Language composition org overview

This report shows a GitHub-style language bar representing the total language distribution across all repositories in the organization.

In [2]:
unit: str = "files"

In [3]:
import pandas as pd


def update_language_mapping_by_file_type(df: pd.DataFrame) -> pd.DataFrame:
    """
    Update the language columns of the DataFrame by mapping plain text files to languages based on file extension.
    Dataframe should have the following columns:
        - language: str (e.g. 'Plain text')
        - fileType: str (e.g. 'py')
    """

    mappings = {
        "Typescript": ["ts", "tsx"],
        "Javascript": ["js", "jsx"],
        "Kotlin": ["kts"],
    }

    for language, file_types in mappings.items():
        df.loc[
            (df["language"] == "Plain text") & (df["fileType"].isin(file_types)),
            "language",
        ] = language

    return df

In [None]:
import plotly.graph_objects as go
from code_data_science import data_table as dt
import code_data_science.palette as palette

df = dt.read_csv("../samples/language_composition.csv")
df["files"] = 1

# Exit early if there are no rows and render a plot with a message
if len(df) == 0:
    fig = go.Figure()
    fig.add_annotation(
        x=0.5,
        y=0.5,
        text="No rows of data found",
        showarrow=False,
        font=dict(size=20),
        xref="paper",
        yref="paper",
    )
    fig.update_layout(
        xaxis=dict(visible=False),
        yaxis=dict(visible=False),
    )
else:
    # Handle legacy column name
    if "sourceFileType" not in df.columns and "parserClass" in df.columns:
        df.rename(columns={"parserClass": "sourceFileType"}, inplace=True)

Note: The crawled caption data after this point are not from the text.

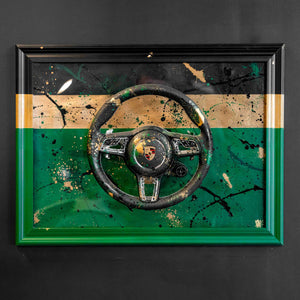 The 'Verde Corsa' 1-of-1 Porsche Art Piece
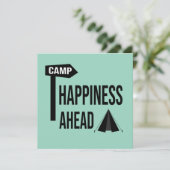 Coole Camping-Karte (Stehend Vorderseite)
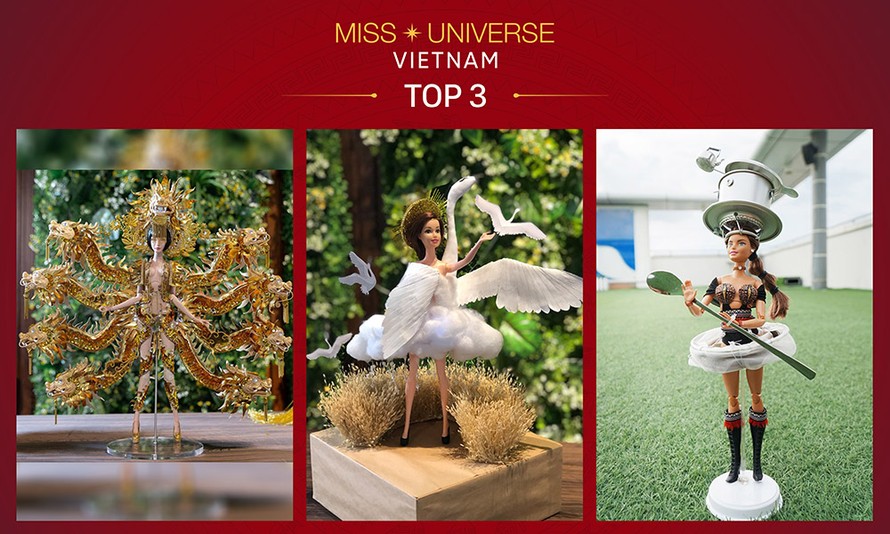 Top 3 trang phục dân tộc cho Hoàng Thuỳ tại Miss Universe 2019.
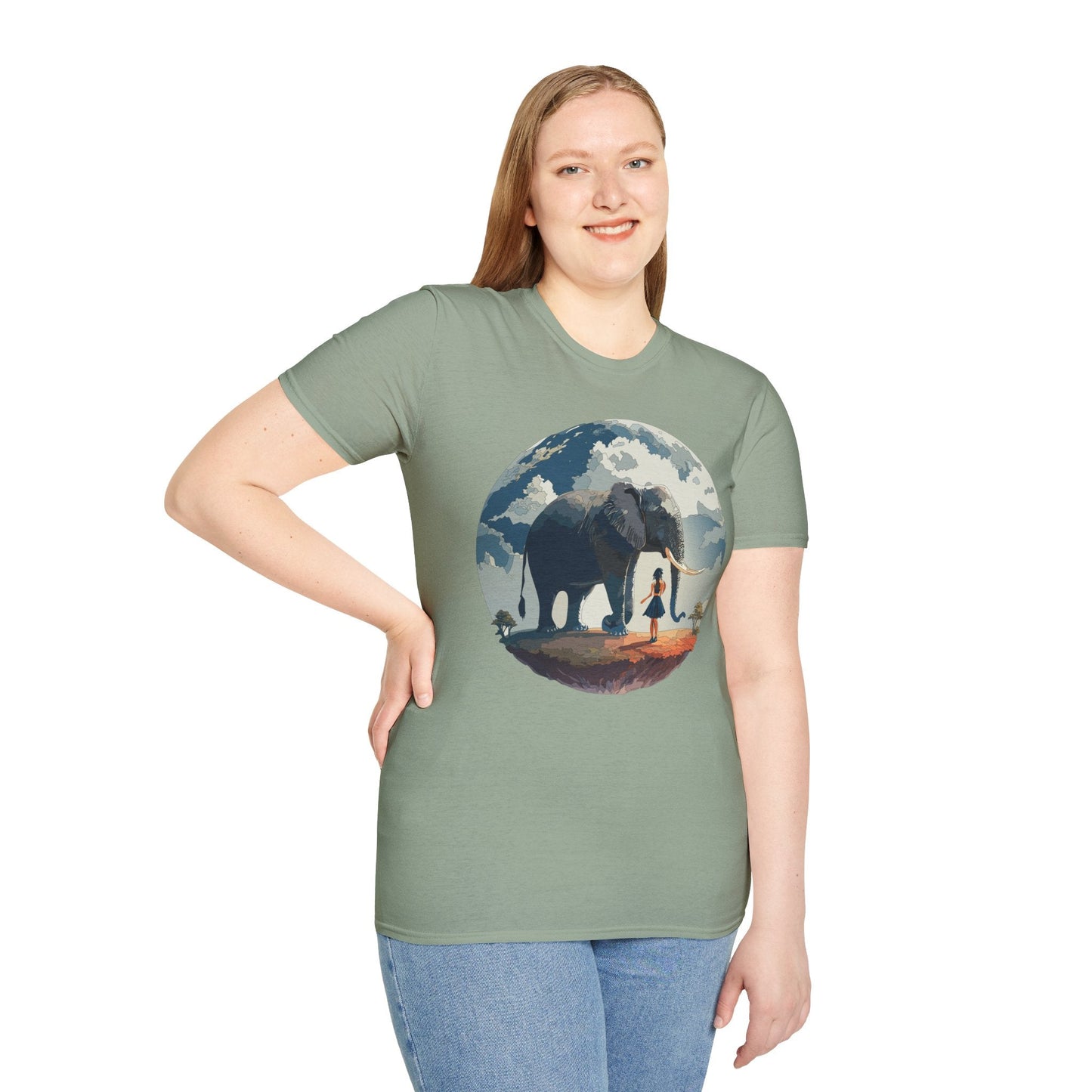 Womens Graphic T Shirt Art Design Tee Softstyle Gildan 64000 100 Percent Ring Spun Cotton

    # Extract file extension
    df["fileType"] = df["sourcePath"].str.split(".").str[-1]

    # Map plain text files to proper languages
    update_language_mapping_by_file_type(df)

    # Determine measurement field based on unit parameter
    measurement_field = "files" if unit == "files" else "linesOfText"

    # Group by language, sum measurement field
    language_totals = df.groupby("language", as_index=False)[measurement_field].sum()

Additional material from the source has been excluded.